Set down exactly the lines below, starting at the one that contains "Apartamento 3 quartos no Cristo Rei, Ébano" and ending at the one that contains "Perris Monte Carlo", with both of those lines included and nothing else.

Brief descriptive captions
*** Begin section ***

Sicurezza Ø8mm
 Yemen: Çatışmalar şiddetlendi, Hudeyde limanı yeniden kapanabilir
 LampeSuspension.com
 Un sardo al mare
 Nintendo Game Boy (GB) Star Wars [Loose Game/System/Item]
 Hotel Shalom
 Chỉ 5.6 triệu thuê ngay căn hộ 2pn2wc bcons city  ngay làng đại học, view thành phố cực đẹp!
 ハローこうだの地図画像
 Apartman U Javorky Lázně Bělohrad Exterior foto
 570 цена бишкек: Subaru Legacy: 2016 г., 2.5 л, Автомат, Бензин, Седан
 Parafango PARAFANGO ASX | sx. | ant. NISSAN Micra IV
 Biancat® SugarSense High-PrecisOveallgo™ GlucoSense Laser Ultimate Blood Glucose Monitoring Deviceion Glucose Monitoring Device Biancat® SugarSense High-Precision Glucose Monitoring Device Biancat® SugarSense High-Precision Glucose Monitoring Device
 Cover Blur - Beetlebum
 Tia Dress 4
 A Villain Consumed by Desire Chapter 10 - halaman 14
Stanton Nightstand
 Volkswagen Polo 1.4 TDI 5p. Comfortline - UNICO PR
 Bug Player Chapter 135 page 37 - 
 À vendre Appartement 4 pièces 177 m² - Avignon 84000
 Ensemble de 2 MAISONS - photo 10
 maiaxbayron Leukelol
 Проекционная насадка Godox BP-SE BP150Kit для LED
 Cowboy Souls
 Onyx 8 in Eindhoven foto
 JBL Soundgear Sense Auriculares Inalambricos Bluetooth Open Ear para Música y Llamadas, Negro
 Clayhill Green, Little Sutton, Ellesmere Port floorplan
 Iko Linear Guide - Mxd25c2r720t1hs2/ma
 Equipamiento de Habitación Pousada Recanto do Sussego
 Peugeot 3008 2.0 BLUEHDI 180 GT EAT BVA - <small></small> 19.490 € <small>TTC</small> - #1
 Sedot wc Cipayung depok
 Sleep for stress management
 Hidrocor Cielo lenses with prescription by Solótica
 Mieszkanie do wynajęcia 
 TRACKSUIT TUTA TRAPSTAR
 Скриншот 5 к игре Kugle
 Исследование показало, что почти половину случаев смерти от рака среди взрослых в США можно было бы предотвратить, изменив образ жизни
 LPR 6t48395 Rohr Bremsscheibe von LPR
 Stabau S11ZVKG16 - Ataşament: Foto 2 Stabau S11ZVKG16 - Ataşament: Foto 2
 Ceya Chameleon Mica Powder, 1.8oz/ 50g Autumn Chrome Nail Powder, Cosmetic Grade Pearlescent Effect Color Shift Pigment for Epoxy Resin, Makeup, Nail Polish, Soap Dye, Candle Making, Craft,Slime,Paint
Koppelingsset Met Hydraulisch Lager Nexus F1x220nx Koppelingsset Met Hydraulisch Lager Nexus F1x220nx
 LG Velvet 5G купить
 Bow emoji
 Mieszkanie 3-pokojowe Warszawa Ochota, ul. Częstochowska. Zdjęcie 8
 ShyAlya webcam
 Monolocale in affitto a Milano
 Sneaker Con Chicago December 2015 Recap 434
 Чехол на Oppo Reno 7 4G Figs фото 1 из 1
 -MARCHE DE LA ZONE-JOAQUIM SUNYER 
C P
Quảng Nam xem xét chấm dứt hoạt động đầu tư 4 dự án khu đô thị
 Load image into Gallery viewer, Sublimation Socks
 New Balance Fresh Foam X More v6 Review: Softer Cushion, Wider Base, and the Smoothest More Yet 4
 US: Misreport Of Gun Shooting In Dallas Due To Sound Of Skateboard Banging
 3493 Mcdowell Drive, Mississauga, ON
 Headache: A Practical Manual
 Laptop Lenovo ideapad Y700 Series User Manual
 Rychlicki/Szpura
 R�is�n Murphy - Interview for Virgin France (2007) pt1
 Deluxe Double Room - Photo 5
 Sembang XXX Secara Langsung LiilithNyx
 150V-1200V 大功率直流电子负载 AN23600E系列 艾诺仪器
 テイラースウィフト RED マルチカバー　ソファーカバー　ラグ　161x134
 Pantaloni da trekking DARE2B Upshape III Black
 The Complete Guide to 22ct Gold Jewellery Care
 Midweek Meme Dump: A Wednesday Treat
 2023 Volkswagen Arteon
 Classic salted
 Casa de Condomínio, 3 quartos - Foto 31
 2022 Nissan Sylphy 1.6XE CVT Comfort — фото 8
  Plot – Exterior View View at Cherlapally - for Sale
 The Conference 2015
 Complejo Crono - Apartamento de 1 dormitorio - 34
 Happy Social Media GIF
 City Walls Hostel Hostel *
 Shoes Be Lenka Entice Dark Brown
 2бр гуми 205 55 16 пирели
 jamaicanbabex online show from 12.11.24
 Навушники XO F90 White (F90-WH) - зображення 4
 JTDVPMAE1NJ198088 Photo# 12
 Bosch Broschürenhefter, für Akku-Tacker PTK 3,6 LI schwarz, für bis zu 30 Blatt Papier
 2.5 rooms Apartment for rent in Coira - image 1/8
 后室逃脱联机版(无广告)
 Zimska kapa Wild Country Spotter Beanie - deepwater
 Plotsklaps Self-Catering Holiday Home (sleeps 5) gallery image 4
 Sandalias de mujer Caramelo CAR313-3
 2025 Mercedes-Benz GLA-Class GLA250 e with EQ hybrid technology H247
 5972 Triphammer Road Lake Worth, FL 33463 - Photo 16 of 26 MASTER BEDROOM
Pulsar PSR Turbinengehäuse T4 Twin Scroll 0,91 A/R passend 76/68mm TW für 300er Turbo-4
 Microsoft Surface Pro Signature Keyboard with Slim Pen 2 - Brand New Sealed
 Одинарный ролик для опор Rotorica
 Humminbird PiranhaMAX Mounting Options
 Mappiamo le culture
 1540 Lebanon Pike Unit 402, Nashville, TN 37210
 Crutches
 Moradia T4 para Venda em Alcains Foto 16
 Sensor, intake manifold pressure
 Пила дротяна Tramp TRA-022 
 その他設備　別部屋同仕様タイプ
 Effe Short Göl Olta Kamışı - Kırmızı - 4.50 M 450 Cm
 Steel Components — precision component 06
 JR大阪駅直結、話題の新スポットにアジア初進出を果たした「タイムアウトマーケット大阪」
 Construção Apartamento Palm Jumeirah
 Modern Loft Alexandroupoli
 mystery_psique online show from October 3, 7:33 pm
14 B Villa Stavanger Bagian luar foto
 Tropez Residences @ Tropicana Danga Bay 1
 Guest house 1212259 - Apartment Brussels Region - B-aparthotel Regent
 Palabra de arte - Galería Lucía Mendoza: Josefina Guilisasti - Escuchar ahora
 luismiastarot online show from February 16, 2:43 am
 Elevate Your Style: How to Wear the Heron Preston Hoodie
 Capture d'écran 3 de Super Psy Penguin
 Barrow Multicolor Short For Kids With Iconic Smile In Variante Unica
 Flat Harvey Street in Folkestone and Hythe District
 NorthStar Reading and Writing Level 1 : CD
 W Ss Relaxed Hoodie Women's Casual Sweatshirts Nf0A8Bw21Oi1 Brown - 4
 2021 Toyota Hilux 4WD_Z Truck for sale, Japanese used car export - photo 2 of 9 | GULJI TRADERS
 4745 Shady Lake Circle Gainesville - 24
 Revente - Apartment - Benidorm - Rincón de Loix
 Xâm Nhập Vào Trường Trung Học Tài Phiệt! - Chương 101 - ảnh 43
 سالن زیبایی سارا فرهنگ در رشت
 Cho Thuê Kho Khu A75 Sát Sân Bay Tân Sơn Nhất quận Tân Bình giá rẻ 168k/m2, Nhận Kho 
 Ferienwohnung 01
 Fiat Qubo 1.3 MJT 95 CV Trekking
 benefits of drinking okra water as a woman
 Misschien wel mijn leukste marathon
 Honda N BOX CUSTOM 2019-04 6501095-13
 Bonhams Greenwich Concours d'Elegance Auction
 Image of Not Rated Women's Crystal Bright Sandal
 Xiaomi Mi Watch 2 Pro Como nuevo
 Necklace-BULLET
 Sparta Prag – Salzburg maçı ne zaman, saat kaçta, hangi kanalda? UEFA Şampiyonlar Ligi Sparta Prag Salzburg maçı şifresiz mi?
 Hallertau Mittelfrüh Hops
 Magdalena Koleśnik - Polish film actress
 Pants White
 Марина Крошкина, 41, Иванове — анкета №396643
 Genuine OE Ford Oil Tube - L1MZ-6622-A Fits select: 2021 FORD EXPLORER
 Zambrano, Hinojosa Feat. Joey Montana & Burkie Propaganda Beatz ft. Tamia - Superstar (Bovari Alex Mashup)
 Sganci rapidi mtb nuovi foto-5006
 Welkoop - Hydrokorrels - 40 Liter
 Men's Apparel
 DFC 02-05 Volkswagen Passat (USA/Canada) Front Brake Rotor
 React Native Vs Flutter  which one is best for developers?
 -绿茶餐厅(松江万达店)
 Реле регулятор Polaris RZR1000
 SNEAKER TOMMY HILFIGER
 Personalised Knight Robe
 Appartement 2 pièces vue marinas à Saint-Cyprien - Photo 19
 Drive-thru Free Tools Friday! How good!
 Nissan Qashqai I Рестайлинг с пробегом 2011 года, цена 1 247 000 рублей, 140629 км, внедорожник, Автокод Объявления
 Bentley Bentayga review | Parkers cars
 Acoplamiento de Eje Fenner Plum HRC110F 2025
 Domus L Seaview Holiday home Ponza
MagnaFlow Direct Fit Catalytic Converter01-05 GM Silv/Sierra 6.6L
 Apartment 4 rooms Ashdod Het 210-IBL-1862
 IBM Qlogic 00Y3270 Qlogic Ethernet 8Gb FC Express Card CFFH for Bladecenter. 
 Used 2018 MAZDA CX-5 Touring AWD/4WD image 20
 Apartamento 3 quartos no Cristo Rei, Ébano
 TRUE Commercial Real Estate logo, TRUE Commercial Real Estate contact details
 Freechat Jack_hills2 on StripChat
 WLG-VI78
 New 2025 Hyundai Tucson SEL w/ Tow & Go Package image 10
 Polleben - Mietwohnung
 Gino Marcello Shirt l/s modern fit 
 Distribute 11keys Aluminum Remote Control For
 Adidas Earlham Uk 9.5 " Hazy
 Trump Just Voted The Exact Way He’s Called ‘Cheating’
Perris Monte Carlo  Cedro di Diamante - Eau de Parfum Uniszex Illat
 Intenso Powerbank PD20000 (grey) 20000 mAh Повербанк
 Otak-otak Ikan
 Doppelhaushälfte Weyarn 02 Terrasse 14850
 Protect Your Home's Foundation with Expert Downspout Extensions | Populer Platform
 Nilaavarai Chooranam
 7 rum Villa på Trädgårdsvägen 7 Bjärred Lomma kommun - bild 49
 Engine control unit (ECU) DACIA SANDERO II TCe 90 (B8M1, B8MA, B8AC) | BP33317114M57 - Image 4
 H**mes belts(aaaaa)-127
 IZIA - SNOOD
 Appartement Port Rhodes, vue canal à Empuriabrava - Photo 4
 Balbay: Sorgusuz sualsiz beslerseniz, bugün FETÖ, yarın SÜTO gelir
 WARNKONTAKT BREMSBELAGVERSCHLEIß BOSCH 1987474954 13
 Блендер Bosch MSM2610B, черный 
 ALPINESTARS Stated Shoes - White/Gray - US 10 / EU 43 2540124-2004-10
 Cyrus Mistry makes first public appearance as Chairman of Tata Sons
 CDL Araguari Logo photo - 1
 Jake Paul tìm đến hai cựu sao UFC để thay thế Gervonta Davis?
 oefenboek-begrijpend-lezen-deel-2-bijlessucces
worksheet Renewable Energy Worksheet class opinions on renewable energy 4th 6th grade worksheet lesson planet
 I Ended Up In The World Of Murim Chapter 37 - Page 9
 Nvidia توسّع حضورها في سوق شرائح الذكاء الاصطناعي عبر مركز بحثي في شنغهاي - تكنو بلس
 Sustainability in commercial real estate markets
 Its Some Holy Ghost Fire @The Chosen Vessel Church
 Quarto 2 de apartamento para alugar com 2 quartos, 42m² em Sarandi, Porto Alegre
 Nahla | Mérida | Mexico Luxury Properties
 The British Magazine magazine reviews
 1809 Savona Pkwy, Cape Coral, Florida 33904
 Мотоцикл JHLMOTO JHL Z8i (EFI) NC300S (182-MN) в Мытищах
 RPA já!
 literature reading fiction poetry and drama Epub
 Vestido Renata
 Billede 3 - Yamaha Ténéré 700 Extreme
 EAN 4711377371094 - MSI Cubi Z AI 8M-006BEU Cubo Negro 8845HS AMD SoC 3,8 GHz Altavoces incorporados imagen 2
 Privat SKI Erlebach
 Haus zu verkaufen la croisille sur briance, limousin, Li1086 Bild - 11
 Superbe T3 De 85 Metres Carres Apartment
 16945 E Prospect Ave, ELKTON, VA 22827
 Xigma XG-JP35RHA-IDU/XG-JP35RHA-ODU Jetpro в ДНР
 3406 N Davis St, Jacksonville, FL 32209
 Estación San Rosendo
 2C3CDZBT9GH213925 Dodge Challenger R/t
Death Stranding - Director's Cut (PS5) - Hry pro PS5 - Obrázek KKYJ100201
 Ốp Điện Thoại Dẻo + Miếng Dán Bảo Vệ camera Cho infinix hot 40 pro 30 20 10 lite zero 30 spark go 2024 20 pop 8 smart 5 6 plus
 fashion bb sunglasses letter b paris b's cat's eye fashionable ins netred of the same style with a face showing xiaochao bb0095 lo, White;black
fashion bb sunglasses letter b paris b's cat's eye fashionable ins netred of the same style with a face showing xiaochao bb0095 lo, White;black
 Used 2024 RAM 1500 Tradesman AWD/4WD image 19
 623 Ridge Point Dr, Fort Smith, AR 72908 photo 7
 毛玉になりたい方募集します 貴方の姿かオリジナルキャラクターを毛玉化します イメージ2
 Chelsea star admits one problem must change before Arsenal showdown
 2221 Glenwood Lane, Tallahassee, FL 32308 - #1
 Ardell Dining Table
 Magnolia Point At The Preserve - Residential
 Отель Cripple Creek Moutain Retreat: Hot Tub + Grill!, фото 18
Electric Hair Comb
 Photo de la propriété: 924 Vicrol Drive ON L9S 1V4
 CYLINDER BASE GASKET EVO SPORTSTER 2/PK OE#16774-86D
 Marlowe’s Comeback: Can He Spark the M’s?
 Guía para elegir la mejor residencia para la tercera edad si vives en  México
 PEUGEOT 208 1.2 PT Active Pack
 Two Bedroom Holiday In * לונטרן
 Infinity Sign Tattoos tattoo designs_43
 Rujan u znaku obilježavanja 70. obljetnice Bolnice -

*** End section ***

§ **COMPLETED EXERCISE**
 Apartamento 3 quartos no Cristo Rei, Ébano
 TRUE Commercial Real Estate logo, TRUE Commercial Real Estate contact details
 Freechat Jack_hills2 on StripChat
 WLG-VI78
 New 2025 Hyundai Tucson SEL w/ Tow & Go Package image 10
 Polleben - Mietwohnung
 Gino Marcello Shirt l/s modern fit 
 Distribute 11keys Aluminum Remote Control For
 Adidas Earlham Uk 9.5 " Hazy
 Trump Just Voted The Exact Way He’s Called ‘Cheating’
Perris Monte Carlo  Cedro di Diamante - Eau de Parfum Uniszex Illat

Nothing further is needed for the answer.